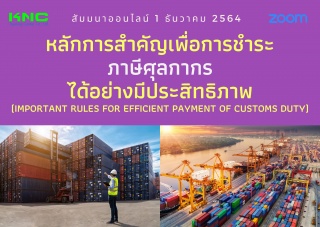 สัมมนา Online : หลักการสำคัญเพื่อการชำระภาษีศุลกาก...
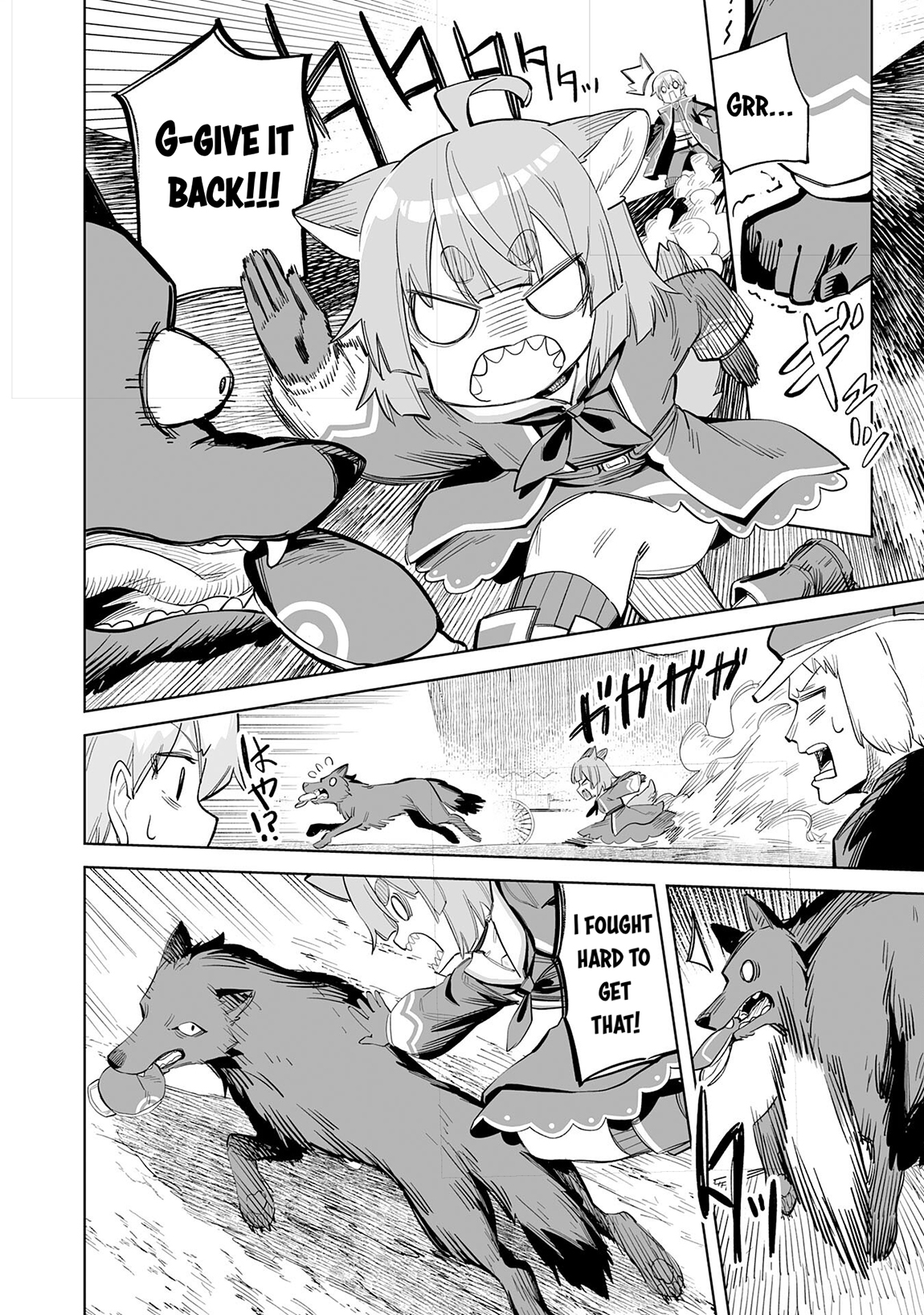 Kaikosareta Kyuutei Renkinjutsushi wa Henkyou de Dai Nouen wo Tsukuriageru – Sokoku wo Oidasareta kedo, Saikyou Ryouchi de Slow Life wo Ouka suru Chapter 13 - Page 7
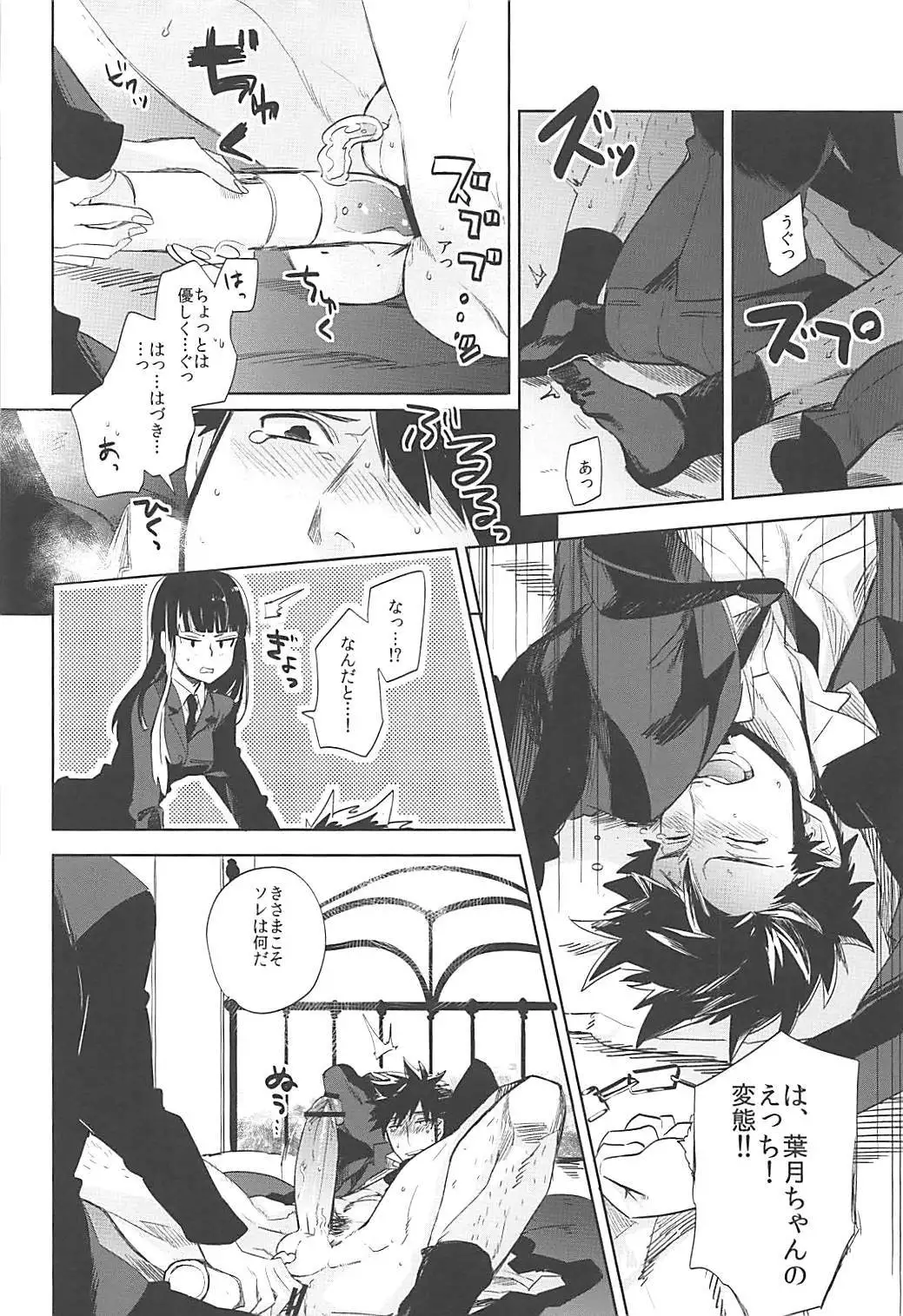 Versus Draw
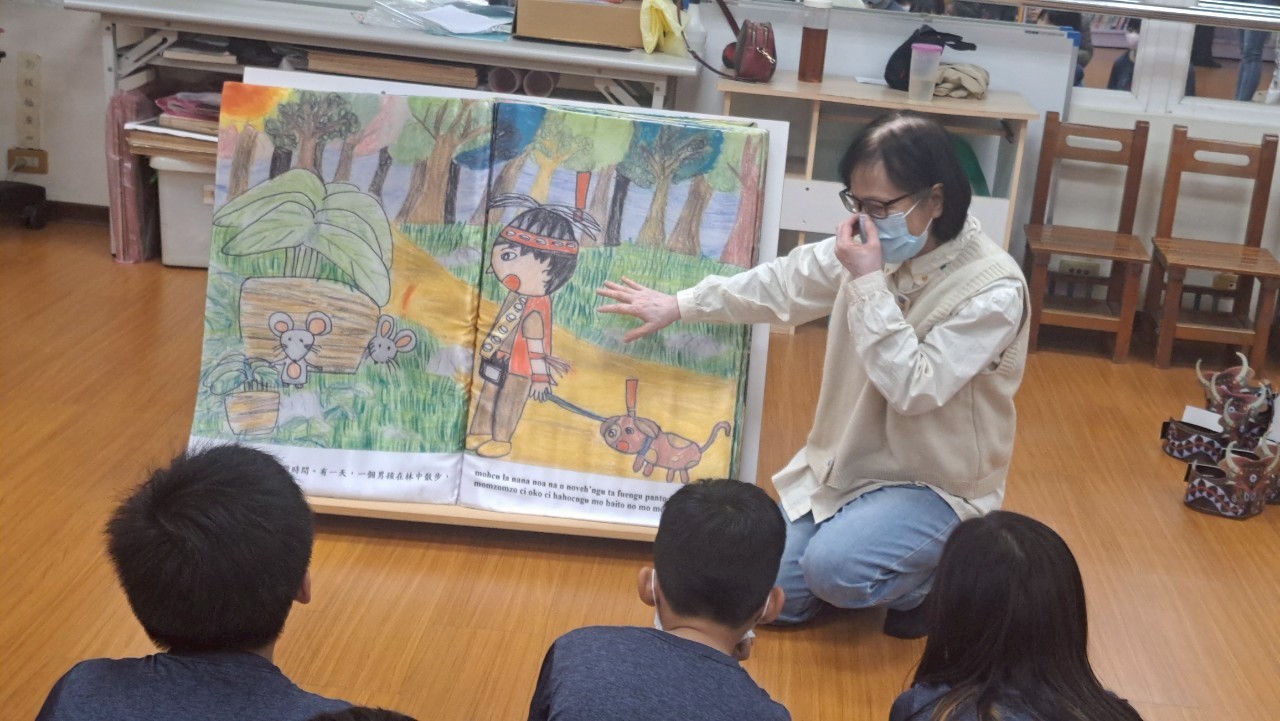 20250402-kitulu 遊學體驗活動-進學國小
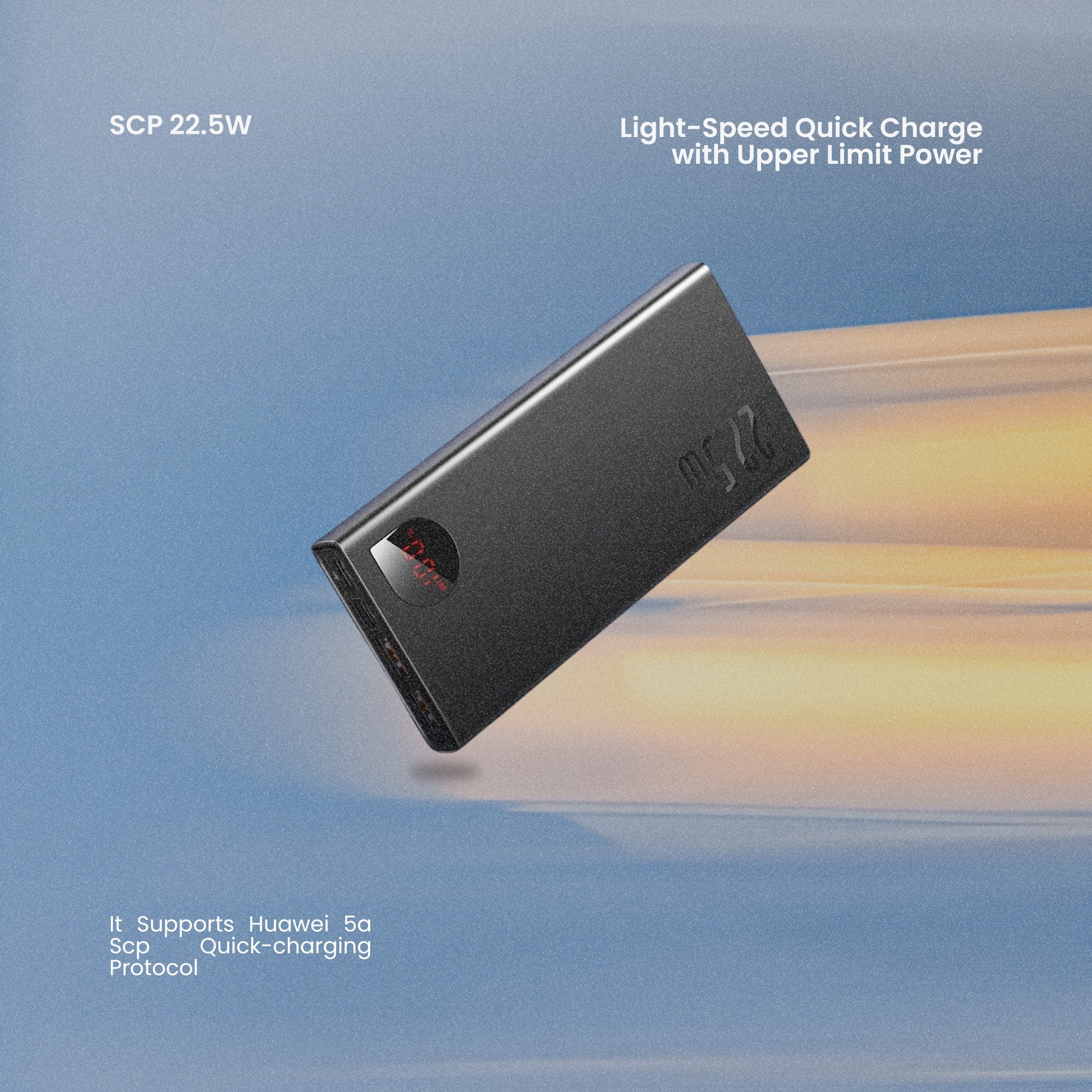 PowerCore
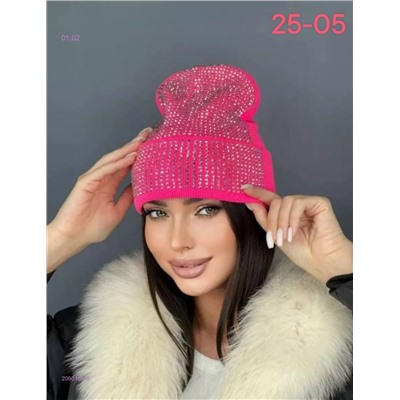 шапка 2060104-4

#### [Exercise]
Word for word, output the whole listing, but not its pictures.

#### [Exercise response]
 สัมมนา Online : หลักการสำคัญเพื่อการชำระภาษีศุลกาก...
 Kaikosareta Kyuutei Renkinjutsushi wa Henkyou de Dai Nouen wo Tsukuriageru – Sokoku wo Oidasareta kedo, Saikyou Ryouchi de Slow Life wo Ouka suru Chapter 13 - Page 7
 Versus Draw
 20250402-kitulu 遊學體驗活動-進學國小
 PowerCore
 шапка 2060104-4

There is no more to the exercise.